Манфред, смерив напоследок Пауля недобрым взглядом, надел шляпу и удалился. Алиса молча двинулась по центральной аллее кладбища, Пауль шел рядом. Глаза их встретились; этот взгляд был мимолетным, но при этом полным чувств и боли. Она не хотела повторить это еще раз, поэтому предпочитала идти на шаг впереди, лишь бы не встречаться с ним взглядом.

- Итак, ты вернулся.

- Я вернулся на прошлой неделе, после того, как напал на след, но всё пошло не так. А вчера я встретил одного из знакомых твоего отца, и он сообщил мне о случившемся. Видимо, за эти годы вы с ним помирились.

- В некоторых случаях лучше сохранять дистанцию.

- Понятно.

Зачем я это сказала? Теперь он подумает, что это про него. Но и исправить оплошность нельзя. Что я теперь скажу?

- Как твое путешествие, Пауль? Нашел то, что искал?

- Нет.

Скажи, что твой отъезд был ошибкой, черт тебя подери. Скажи, что ты ошибся, и я признаю свои ошибки и твои, и снова упаду в твои объятья. Скажи это!

- Вообще-то я решил бросить это дело, - продолжил Пауль. - У меня не осталось выхода, ни единого следа, никакого иного выбора. У меня нет семьи, денег, профессии, даже нет ни гроша, чтобы вернуться обратно, потому что то, что я здесь обнаружил, это не Германия.

Алиса остановилась и в первый раз посмотрела на него вблизи. Удивительно, но его лицо почти не изменилось. Черты немного огрубели, вокруг глаз залегли круги, он набрал вес, но это по-прежнему был Пауль. Ее Пауль.

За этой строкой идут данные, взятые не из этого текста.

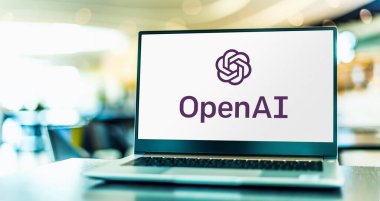 POZNAN, POL - 16 Mayıs 2023: Amerika 'nın San Francisco, Kaliforniya, ABD' deki bir yapay zeka araştırma laboratuvarı olan OpenAI 'nin logosunu gösteren dizüstü bilgisayar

- Это правда, что ты мне писал?

- Много раз. Я писал на адрес пансиона, где ты жила, и даже на адрес твоего отца.

Еще кое-что, за что можно сказать отцу спасибо.

- И что? Что ты будешь делать? - спросила она, и не могла сдержать дрожи в голосе, ее губы тоже дрожали. Возможно, ее тело передаст ему сообщение, которое она сама не осмеливалась произнести. И оно дошло до места назначения, хотя бы частично, потому что когда Пауль ответил, он тоже сделал это с чувством.

- Я собирался вернуться в Африку, Алиса. Но когда узнал, что случилось с твоим отцом, решил...

- И что же ты решил?

- Не пойми меня неправильно, но мне бы хотелось поговорить с тобой по душам, рассказать, как я провел все эти годы.

- Не думаю, что это хорошая мысль, - заставила себя сказать Алиса.

- Алиса, я знаю, что не имею никакого права входить в твою жизнь, когда мне взбредет в голову. Я... Я совершил огромную ошибку, когда уехал, чудовищную ошибку, и стыжусь этого. Мне стоило больших усилий это признать, и прошу тебя лишь как-нибудь выпить со мной кофе.

А если я скажу, что у тебя есть сын, Пауль? Чудесный мальчик с голубыми глазами, как у тебя, белокурый и упрямый, как его отец? Как ты поступишь, Пауль? А если я впущу тебя в нашу жизнь, а потом всё плохо закончится? Хотя я так тебя люблю, мои душа и тело так тебя желают, но я не могу позволить, чтобы ты причинил ему боль.

- Мне нужно подумать.

Он улыбнулся, и вокруг его глаз собрались мелкие морщинки, которых Алиса не помнила.

- Я буду ждать, - сказал Пауль, протягивая ей бумажку с адресом. - Буду ждать, сколько потребуется.

Алиса взяла записку, на миг слегка коснувшись пальцами его ладони.

- Хорошо, Пауль. Но я ничего не обещаю. А теперь уходи.

Пауль, болезненно переживая такое резкое прощание, ушел, не проронив ни слова.

Пока он удалялся, Алиса молилась, чтобы он не обернулся и не увидел, как дрожат ее ноги.